Each control or each form has a status (mySuperForm.status), which can be “VALID”, “INVALID”, “DISABLED”. Since, when using asynchronous validators, it may not be clear what condition the form is currently in, there is a special “PENDING” status. Thanks to this condition (mySuperForm.status === “PENDING”), you can display a preloader or make any other stylization of the form.

Auto save

Development of banking software (software) involves working with various sample documents. For example, these are application forms or questionnaires, which may consist of dozens of required fields. When working with such large documents, for additional convenience of the user, support for autosave is required so that when the connection to the Internet is lost or other technical problems, the data that the user previously entered remains in the draft on the server.

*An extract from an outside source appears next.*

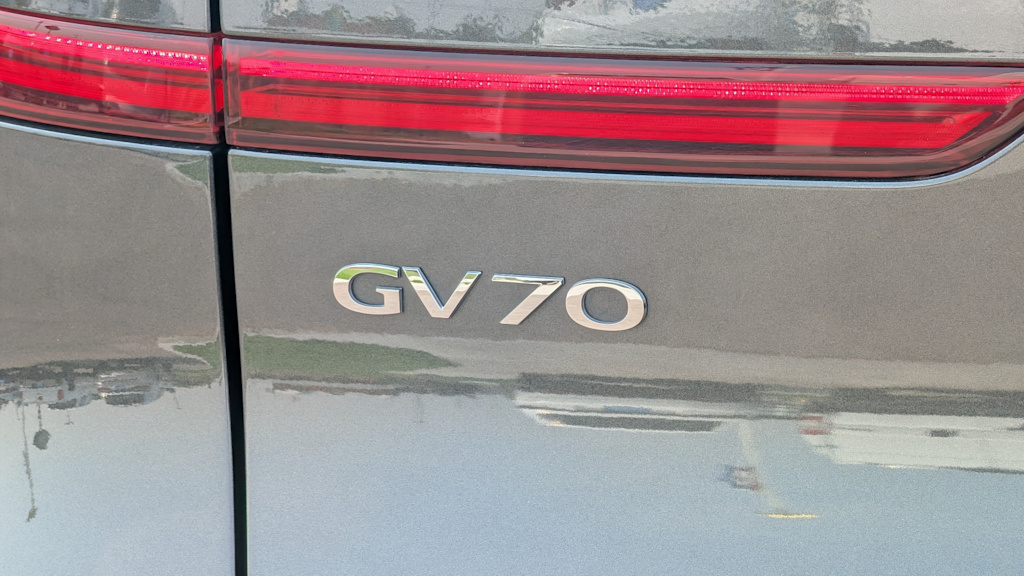 Thumbnail: 2025 Genesis GV70 - 23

Here are the main aspects of the autosave procedure for the client-server architecture:

1. Save requests must be processed by the server in the order in which the changes were made. If you send a request to every change right away, then you cannot guarantee that an earlier request will not come next and will not overwrite the new changes.
2. You do not need to send a large number of requests to the server until the user has finished entering; it is enough to do this by timing.
3. If several changes were made with a relatively large delay, and the request for the first changes has not yet returned, there is no need to send requests for each subsequent change immediately after the return of the first request. You can only take the latter in order not to send out irrelevant data.

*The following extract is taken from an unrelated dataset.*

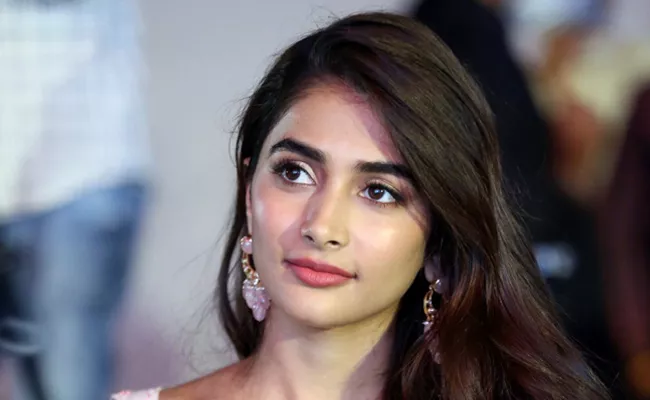 Pooja Hegde Tests Coronavirus Positive - Sakshi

With the first case, you can easily cope with the operator concatMap . The second case will be solved without any problems using debounceTime . The logic of the third can be described as:

 const lastRequest$ = new BehaviorSubject(null); //   queue$.subscribe(lastRequest$); queue$ .pipe( debounceTime(1000), exaustMap(request$ => request$.pipe( //  ,     map(response => ({request$, response})), //       catchError(() => of(null) //   ) ) .subscribe(({request$, response}) => { if (lastRequest$.value !== request$) { queue$.next(lastRequest$.value); //     } }); 

It remains to saveQueue $ send request. Note the presence of the exaustMap operator instead of concatMap. This operator is necessary to ignore all notifications of an external Observable, while the internal one has not completed its observation (“zakkomplitsya”). But in our case, if during the request there will be a queue of new notifications, we must take the last one and discard the rest. exaustMap will drop everything, including the last one. Therefore, we save the last notification in the BehaviorSubject, and in the subscription, if the currently processed request is different from the last - we throw the last request into the queue again.

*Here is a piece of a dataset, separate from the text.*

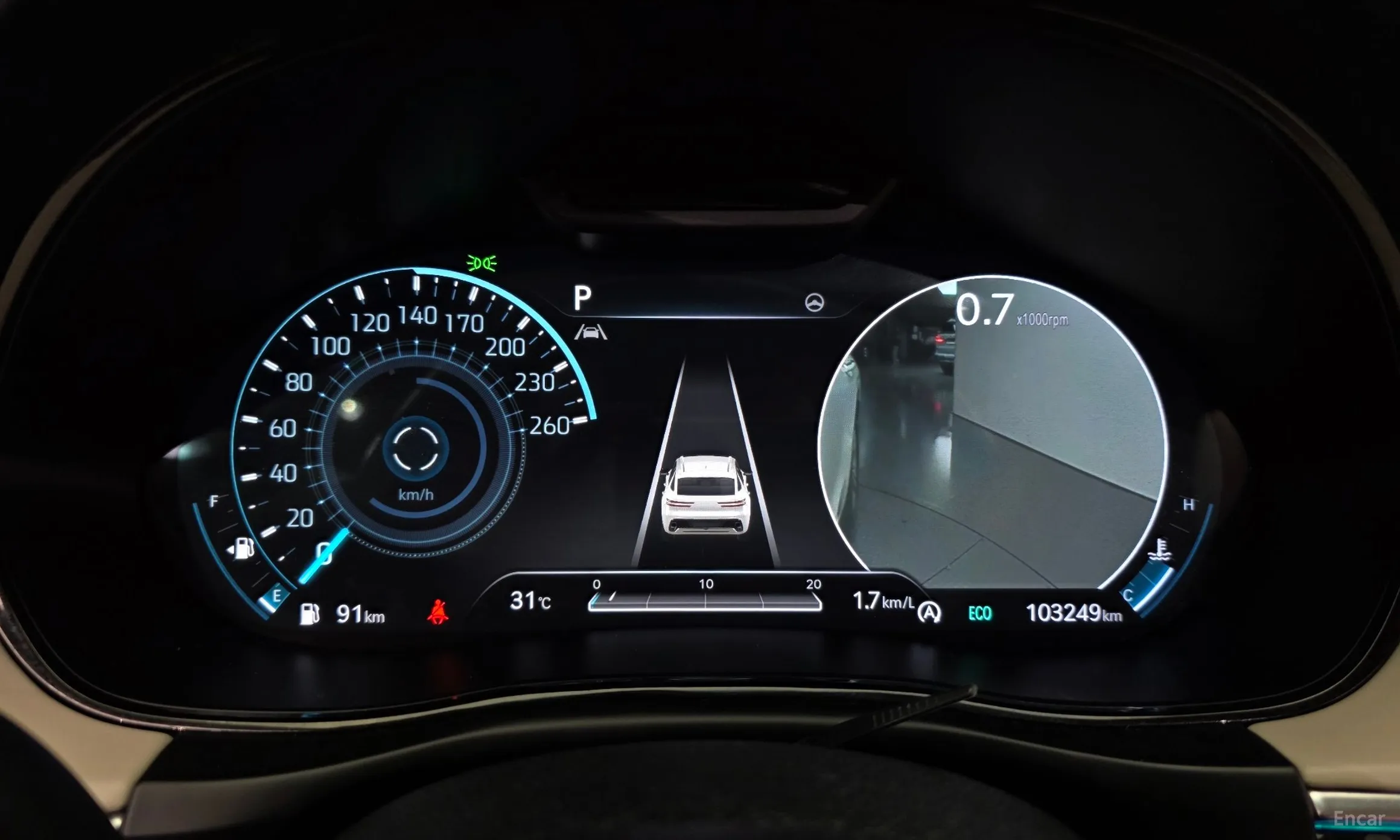Genesis GV70 превью 8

Also worth noting is the ignoring of errors in the course of queries, implemented using the catchError operator. You can write more complex error handling with notifications for the user that an error occurred while saving. But its essence is that when an error occurs in the stream, the stream should not close, as it does with the error and complete alerts.

Conclusion

The current level of development of reactive programming technologies using the RxJS library allows you to create full-fledged client applications for online banking systems without additional labor costs for organizing interaction with high-loaded interfaces of RBS systems.

The first acquaintance with RxJS can scare away even an experienced developer who is faced with the library's “intricacies” implementing the “Observer” design pattern. But, perhaps, having overcome these difficulties, RxJS will later become an indispensable tool for solving problems of asynchronous processing of heterogeneous data streams in real time.